Vincent Huguet inszeniert eng am Libretto, das er sehr genau gelesen hat, und gibt den Gedanken des Zuschauers Raum, anstatt ihm eigene, zeitgeistige Umdeutungen aufzuzwängen. Unterstützt wird er vom grandiosen, weil unaufdringlichen und höchst ästhetischen Bühnenbild Richard Peduzzis. Im meeresblauen Bühnenraum genügen Türme in terracotta und senfgelb, scherenschnittartig angedeutete Bäume und eine riesige rote Treppe um der wunderbaren Atmosphäre, die der «Don Carlos» der Mailänder und Modena-Fassung weit voraushat, Raum zu geben. Ganz wesentlich trägt dazu die Lichtgestaltung von Irina Selka bei, die, nur ein Beispiel, mit scherenschnittartig angedeuteten Bäumen, wunderbare Stimmungen schafft. Das Spektrum der Kostüme von Camille Assaf schwankt von klassisch bis modern und stört den optischen Eindruck nicht weiter.
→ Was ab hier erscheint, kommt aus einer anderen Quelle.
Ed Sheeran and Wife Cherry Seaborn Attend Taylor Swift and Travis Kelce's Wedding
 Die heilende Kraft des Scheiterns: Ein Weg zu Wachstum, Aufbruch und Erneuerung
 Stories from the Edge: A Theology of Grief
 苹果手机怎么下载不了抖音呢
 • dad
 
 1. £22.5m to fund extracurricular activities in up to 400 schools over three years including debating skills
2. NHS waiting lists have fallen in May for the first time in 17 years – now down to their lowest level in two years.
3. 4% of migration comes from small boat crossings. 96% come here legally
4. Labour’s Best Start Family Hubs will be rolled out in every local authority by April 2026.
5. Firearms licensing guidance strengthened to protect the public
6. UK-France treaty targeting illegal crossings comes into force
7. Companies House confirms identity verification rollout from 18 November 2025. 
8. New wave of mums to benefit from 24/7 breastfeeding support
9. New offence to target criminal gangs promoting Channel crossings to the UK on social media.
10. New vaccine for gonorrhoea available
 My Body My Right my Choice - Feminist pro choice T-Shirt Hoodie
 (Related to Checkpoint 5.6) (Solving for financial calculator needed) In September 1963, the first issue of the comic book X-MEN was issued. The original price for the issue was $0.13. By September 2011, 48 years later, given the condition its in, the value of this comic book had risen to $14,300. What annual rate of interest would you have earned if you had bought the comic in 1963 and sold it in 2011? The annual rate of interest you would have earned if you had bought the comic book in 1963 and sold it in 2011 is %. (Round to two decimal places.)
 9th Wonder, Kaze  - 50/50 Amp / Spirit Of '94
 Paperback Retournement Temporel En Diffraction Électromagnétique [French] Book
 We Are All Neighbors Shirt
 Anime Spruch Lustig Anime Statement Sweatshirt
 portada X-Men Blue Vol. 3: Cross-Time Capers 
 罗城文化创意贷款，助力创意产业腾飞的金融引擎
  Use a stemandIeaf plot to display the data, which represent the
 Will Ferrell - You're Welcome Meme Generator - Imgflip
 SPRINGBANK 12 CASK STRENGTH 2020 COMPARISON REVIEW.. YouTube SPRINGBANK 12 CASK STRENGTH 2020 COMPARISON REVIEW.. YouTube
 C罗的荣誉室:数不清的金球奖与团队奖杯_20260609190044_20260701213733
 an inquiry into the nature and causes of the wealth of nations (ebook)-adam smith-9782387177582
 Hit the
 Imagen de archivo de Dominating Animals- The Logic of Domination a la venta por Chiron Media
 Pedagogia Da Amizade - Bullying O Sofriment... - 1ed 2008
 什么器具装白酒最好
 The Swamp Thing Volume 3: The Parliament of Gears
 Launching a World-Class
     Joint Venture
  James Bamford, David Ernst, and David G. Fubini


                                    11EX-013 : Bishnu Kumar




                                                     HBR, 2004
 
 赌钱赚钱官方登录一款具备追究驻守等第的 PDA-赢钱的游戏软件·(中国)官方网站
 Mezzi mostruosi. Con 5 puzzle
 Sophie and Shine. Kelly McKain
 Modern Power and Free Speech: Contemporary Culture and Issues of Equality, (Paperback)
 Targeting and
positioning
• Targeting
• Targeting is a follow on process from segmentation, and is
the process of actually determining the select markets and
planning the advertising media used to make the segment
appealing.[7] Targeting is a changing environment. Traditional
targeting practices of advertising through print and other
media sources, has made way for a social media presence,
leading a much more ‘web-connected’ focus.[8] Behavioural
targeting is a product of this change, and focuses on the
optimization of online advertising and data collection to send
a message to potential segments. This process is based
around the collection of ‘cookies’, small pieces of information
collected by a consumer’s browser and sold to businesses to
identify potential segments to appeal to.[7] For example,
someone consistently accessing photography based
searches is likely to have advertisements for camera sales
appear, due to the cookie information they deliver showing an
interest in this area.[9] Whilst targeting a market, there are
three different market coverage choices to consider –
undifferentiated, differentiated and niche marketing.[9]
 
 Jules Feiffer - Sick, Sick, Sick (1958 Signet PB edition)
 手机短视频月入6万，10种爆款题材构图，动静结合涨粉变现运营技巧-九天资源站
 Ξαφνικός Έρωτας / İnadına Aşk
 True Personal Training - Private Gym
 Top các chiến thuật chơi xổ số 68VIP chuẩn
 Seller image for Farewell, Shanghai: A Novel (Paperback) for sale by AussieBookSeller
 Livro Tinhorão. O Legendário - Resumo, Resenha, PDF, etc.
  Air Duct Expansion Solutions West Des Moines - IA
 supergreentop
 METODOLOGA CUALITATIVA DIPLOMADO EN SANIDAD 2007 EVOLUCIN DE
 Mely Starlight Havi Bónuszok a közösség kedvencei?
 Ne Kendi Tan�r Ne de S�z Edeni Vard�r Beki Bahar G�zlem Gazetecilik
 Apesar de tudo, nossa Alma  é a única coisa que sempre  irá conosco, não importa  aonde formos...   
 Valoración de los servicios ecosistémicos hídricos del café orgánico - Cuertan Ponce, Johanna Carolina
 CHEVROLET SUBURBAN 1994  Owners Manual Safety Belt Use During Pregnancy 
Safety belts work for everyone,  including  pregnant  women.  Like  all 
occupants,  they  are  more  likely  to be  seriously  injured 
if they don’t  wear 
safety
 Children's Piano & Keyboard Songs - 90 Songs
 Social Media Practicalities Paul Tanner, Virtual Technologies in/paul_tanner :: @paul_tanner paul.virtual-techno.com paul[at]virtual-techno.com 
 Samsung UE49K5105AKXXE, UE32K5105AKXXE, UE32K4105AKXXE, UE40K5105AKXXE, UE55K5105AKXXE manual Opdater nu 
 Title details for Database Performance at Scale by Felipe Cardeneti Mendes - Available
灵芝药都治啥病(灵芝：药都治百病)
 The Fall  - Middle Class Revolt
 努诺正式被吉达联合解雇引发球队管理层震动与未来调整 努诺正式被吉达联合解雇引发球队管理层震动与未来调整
Leah Gordon (13.05.22) gibt die Elisabeth von Valois mit reifer Stimme als resolute Frau. Atmosphärisch passt Yolanda Auyanet (15.05.22) mit ihrer klaren, kräftiger, etwas jugendlicherer Stimme besser. Nathan Berg ist mit kräftigem Bass ein würdevoller Philippe II. Die Begegnung mit dem wunderbar herrischen Grossinquisitor von Derrick Ballard, wo beide Bässe in die Vollen gehen, wird zu einem Höhepunkt des Abends. Von phänomenaler Intensität ist, wie schon erwähnt, die Gestaltung der Prinzessin Eboli durch Kristina Stanek. Von Rossinischer Leichtigkeit im «Au palais de fées» (Schleierlied) bis zur Dramatik des «O don fatal» stehen ihr alle erforderlichen Nuancen zu Verfügung. Wann je hat man eine so verführerische Eboli erleben dürfen? Joachim Bäckström gibt einen Don Carlos, dem die Reserven nie auszugehen scheinen. In der Tongebung und Intensität seiner Bühnenerscheinung erinnert er stark an Neil Shicoff. John Chest als Rodrigue, Marquis von Posa, hat sich gegenüber den ersten Vorstellungen deutlich gesteigert und begeister mit seinem wohlkilingenden Bariton uneingeschränkt. Andrew Murphy Ein Mönch, Nataliia Kukhar als Gräfin von Aremberg, Álfheiður Erla Guðmundsdóttir als Stimme vom Himmel, Ronan Caillet als Graf von Lerme, Jasin Rammal-Rykała, Kyu Choi, Félix Le-Gloahec, Andrei Maksimov, Yurii Strakhov und Jiacheng Tan als Flämische Gesandte ergänzen das Ensemble.
Letzte Chance: Diese Produktion ist ein Ereignis und lässt eine vermeintlich bekannte Oper neu entdecken!
Letzte Aufführung: Samstag, 21.05.2022, um 19.00.